Beginning with the first line, please return the entries exactly through the line that contains "Boho Ivory Chain Tasche", and leave out all later lines.

-=-=-

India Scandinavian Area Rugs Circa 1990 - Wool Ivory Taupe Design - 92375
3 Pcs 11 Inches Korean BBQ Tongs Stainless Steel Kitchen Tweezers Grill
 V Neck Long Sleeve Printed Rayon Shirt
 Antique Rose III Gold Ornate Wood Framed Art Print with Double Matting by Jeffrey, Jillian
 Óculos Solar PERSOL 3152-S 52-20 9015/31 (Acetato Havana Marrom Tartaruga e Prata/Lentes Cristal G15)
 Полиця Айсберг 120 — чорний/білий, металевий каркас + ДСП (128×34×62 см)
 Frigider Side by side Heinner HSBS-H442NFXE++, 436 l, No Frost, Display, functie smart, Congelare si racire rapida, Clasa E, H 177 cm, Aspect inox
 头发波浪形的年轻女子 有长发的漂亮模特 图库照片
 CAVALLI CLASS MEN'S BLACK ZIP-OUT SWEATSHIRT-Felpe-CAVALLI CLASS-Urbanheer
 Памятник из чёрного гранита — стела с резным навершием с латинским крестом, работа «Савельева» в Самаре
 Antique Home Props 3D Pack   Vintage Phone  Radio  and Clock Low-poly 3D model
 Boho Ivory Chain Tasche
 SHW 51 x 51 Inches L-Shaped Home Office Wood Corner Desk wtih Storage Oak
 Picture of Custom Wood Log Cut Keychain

-=-=-

[Result of this exercise]
India Scandinavian Area Rugs Circa 1990 - Wool Ivory Taupe Design - 92375
3 Pcs 11 Inches Korean BBQ Tongs Stainless Steel Kitchen Tweezers Grill
 V Neck Long Sleeve Printed Rayon Shirt
 Antique Rose III Gold Ornate Wood Framed Art Print with Double Matting by Jeffrey, Jillian
 Óculos Solar PERSOL 3152-S 52-20 9015/31 (Acetato Havana Marrom Tartaruga e Prata/Lentes Cristal G15)
 Полиця Айсберг 120 — чорний/білий, металевий каркас + ДСП (128×34×62 см)
 Frigider Side by side Heinner HSBS-H442NFXE++, 436 l, No Frost, Display, functie smart, Congelare si racire rapida, Clasa E, H 177 cm, Aspect inox
 头发波浪形的年轻女子 有长发的漂亮模特 图库照片
 CAVALLI CLASS MEN'S BLACK ZIP-OUT SWEATSHIRT-Felpe-CAVALLI CLASS-Urbanheer
 Памятник из чёрного гранита — стела с резным навершием с латинским крестом, работа «Савельева» в Самаре
 Antique Home Props 3D Pack   Vintage Phone  Radio  and Clock Low-poly 3D model
 Boho Ivory Chain Tasche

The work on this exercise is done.